LEMMA 3.1. Let  $\alpha_l$  be a  $p_n$ -free execution that reaches a configuration  $C_l$  in which a set  $P_l$  of l processes covers a set  $R_l$  of l multi-writer registers, and  $P_l \subseteq active(\alpha_l)$ . Let  $C = C_l P_l$ . Then for every process  $p \notin S(C) \cup active(\alpha_l) \cup \{p_n\}$ , there is a p-only schedule  $\beta$  such that, in configuration  $C_l\beta$ , p covers a multi-writer register  $Y \notin R_l$  that is read in  $cop_n(C)$  and  $C_l P_l \stackrel{cop_n}{\approx} C_l \beta P_l$ .

PROOF. Consider a *p*-only execution of a STORE operation from  $C_l$ , and let  $\gamma$  be the corresponding schedule (see Fig. 1). Let  $C'_l = C_l \gamma$ . If *p* does not write to a multiwriter register  $Y \notin R_l$  that is read during  $cop_n(C)$ , then  $C_l P_l \approx C'_l P_l$ , because the processes in  $P_l$  also cover the registers in  $R_l$  in configuration  $C'_l$ . Therefore  $p_n$  returns the same value for V(p) in both  $cop_n(C_l P_l)$  and  $cop_n(C'_l P_l)$ . This contradicts the validity property of collect.

Let  $\beta$  be the prefix of  $\gamma$  up to, but not including p's first write to a multi-writer register  $Y \notin R_l$  that is read during  $cop_n(C)$ . Then in configuration  $C_l\beta$ , process p covers Y and  $C_lP_l \stackrel{cop_n}{\cong} C_l\beta P_l$ .  $\Box$ 

### 3.1 Lower Bound on the Number of Multi-Writer Registers

We start with a simple proof that does not distinguish between types of multi-writer registers. In Section 3.2, we extend the proof to bound the number of concurrent-write registers, even when an unlimited number of c-write registers are available.

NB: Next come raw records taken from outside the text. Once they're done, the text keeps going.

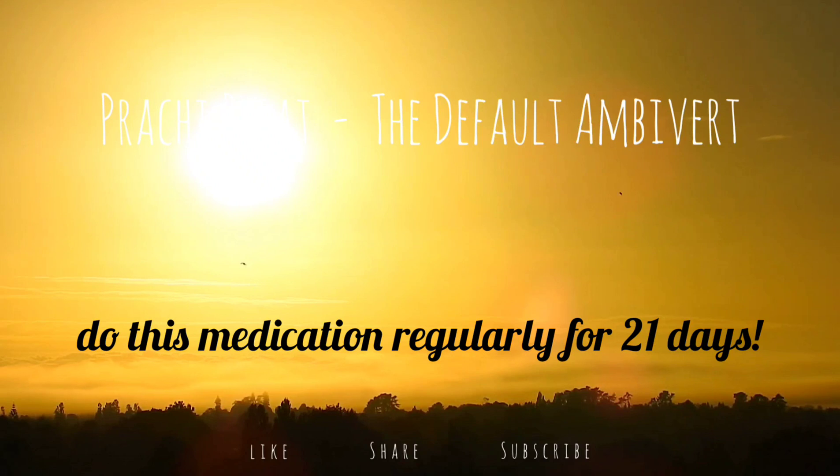Do this body scan regularly and improve your focus and mood over time. This is what gives you a quick reset to your day. Have a good day. Take care.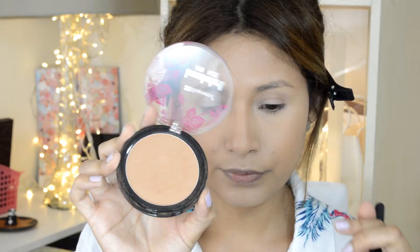Now I'm going to contour. I'm going to use a contour powder and bronzer from ABH Cosmetics, it's called Arcava. With whatever is left in my brush, I just go around my jawline to make it look more slim and defined.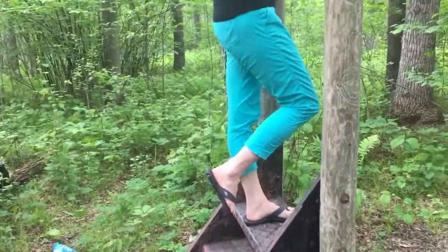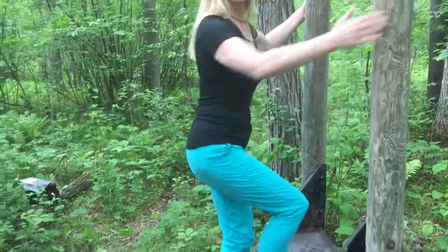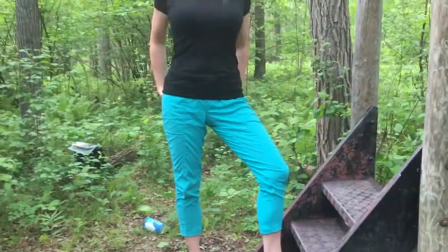Simply making a difference in how you walk up the stair will change the shape of your butt.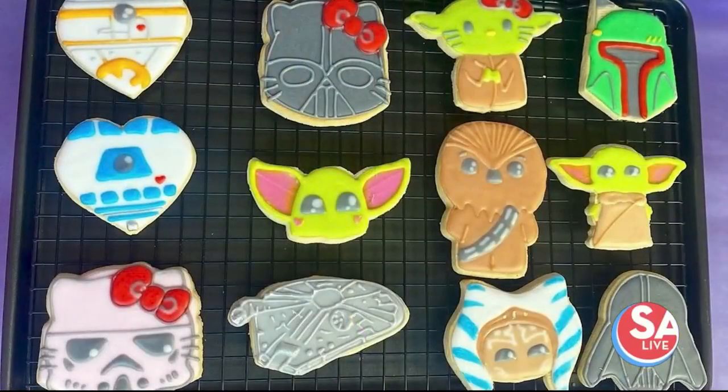Dominique Paris, who is the owner of Tough Love Cookies and Treats, is here to show us some Father's Day cookie designs. Welcome, welcome. We love that you brought sweets. Thank you for having me.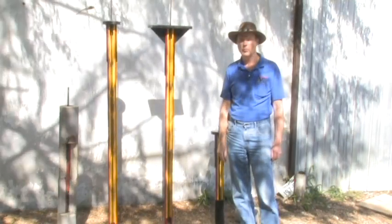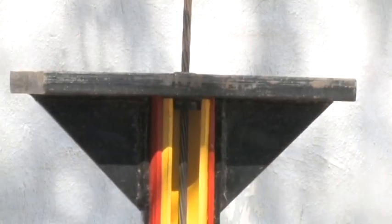In special circumstances where there's an unusual potential for upward movement, each steel piling can be bound together with a tensioned steel cable, such as this. The cable ties the bottom of the piling to the top and allows the lower portions of the piling to act as anchors to resist uplift.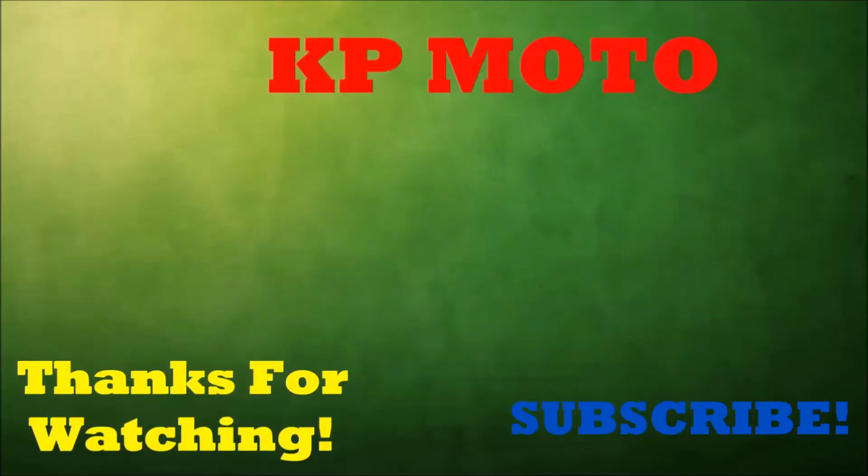Alright guys, thanks for watching. More coming soon.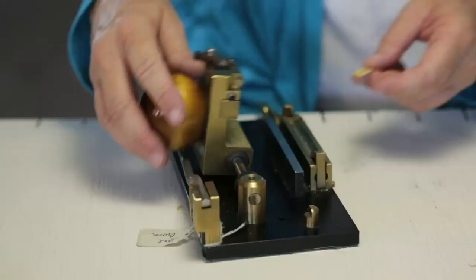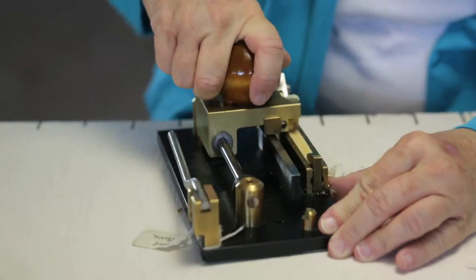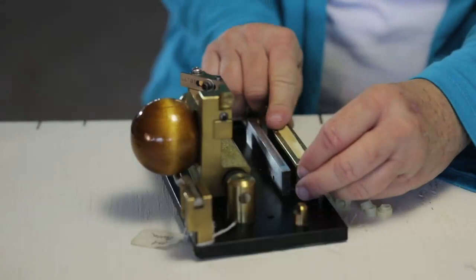The next step we use is called the gouging machine, and what this does is it scoops out the thick part of the cane to make it just the right thinness for us to use for our oboe reeds. We end up with a piece of cane that is just the right thickness to make an oboe reed.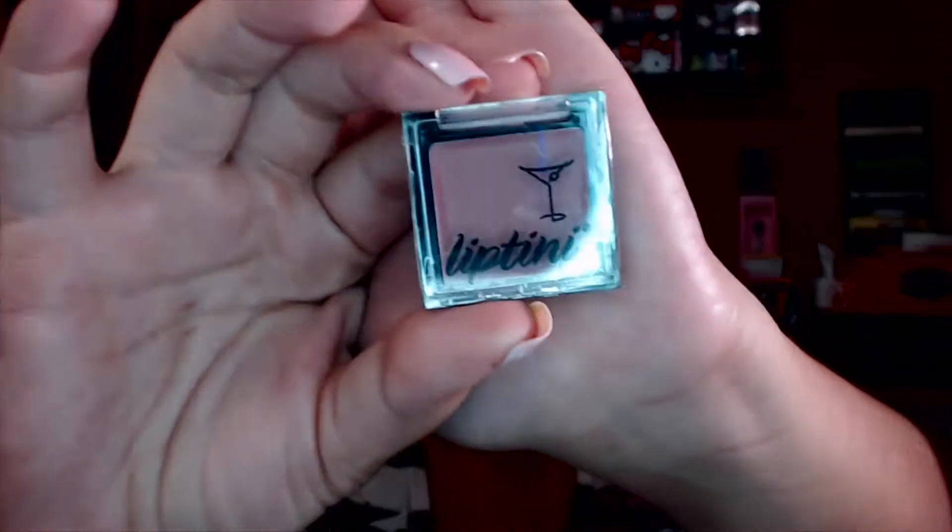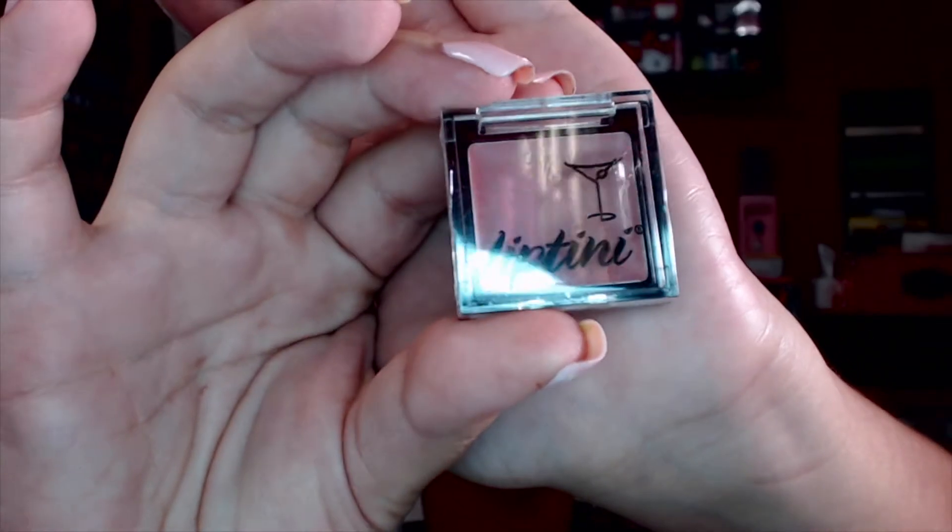The next item I got is the Satin Lip Color in Pink Teeny from Lip Teeny, and I actually haven't even used this. I'm just going to pass it on to somebody because I don't really like potted lip items — I don't like digging my fingers into things, especially because I have longer nails.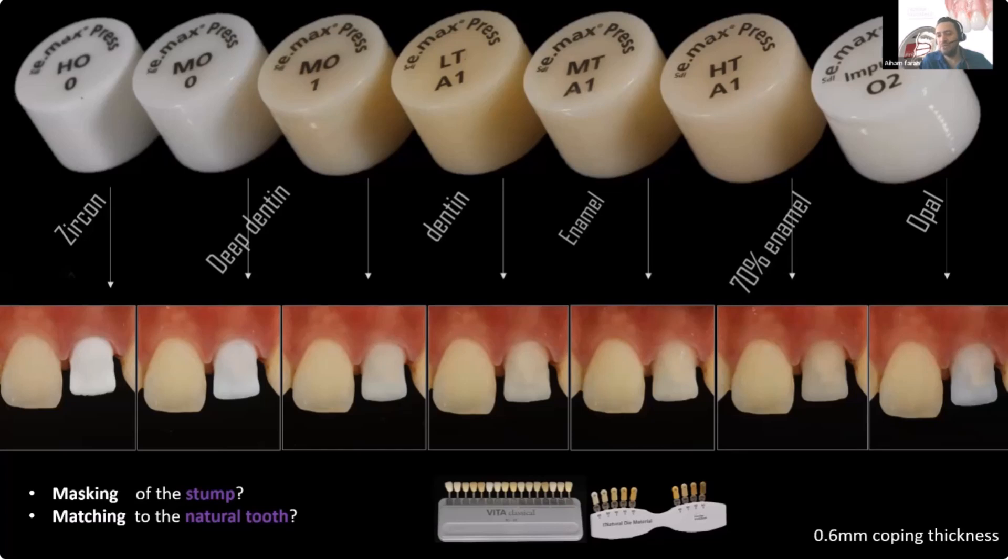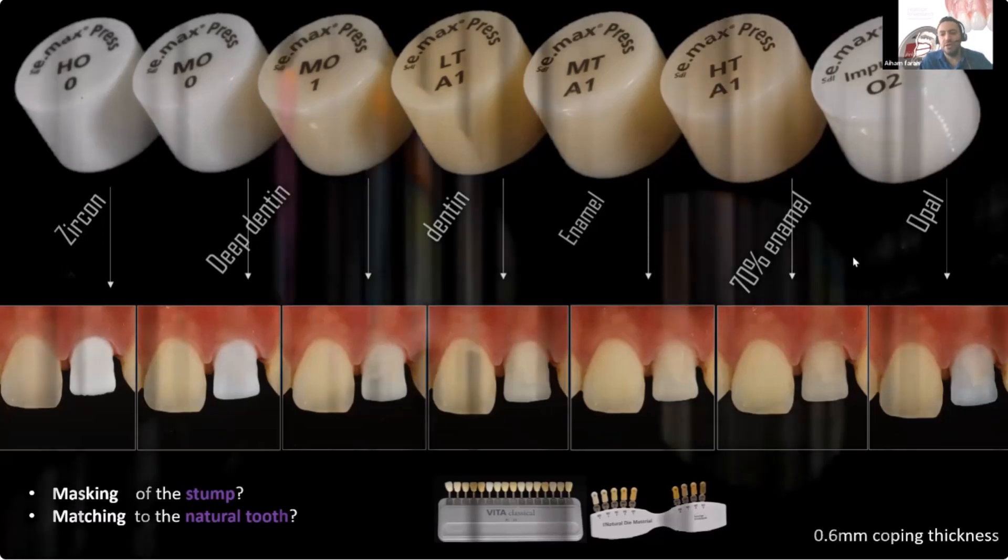And opal — obviously it's not an option here. The opal translucency exists in natural enamel, and I would use the opal ingot — it's about 90% translucent — only if I have a no-prep case, a no-prep veneer, and I want to do a staining technique to bring the shade from A1 up to maybe Bleach 4 or Bleach 3. So it is 100% not for coping or single central cases.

LEMMA 3.2. Let  $P_l$  be a set of l processes. Let  $\alpha_l$  be a  $P_l$ -only execution that reaches a configuration  $C_l$  in which  $P_l$  covers a set  $R_l$  of l multi-writer registers and let  $C = C_l P_l$ . If  $n > |cop_n(C)| + l + 1$ , then there exists a process  $p_{l+1} \notin P_l \cup \{p_n\}$  and a finite  $p_{l+1}$ -only schedule  $\beta$  such that in configuration  $C_l\beta$ ,  $p_{l+1}$  covers a multi-writer register not in  $R_l$ .

PROOF. Note that  $|S(C)| \leq |cop_n(C)|$ , because the number of registers accessed in an operation is bounded by the total number of steps. Since  $n > |cop_n(C)| + l + 1$ , there is a process  $p_{l+1} \notin S(C) \cup P_l \cup \{p_n\}$ . By Lemma 3.1, there is a



Figure 2: Illustration for Lemma 3.5.

 $p_{l+1}$ -only schedule,  $\beta$ , such that, in configuration  $C_l\beta$ ,  $p_{l+1}$  covers a multi-writer register  $Y \notin R_l$ .

Applying Lemma 3.2 inductively yields the next lemma. Note that the total contention increases by one in each application of the lemma, allowing the collect operation by  $p_n$  to take more steps.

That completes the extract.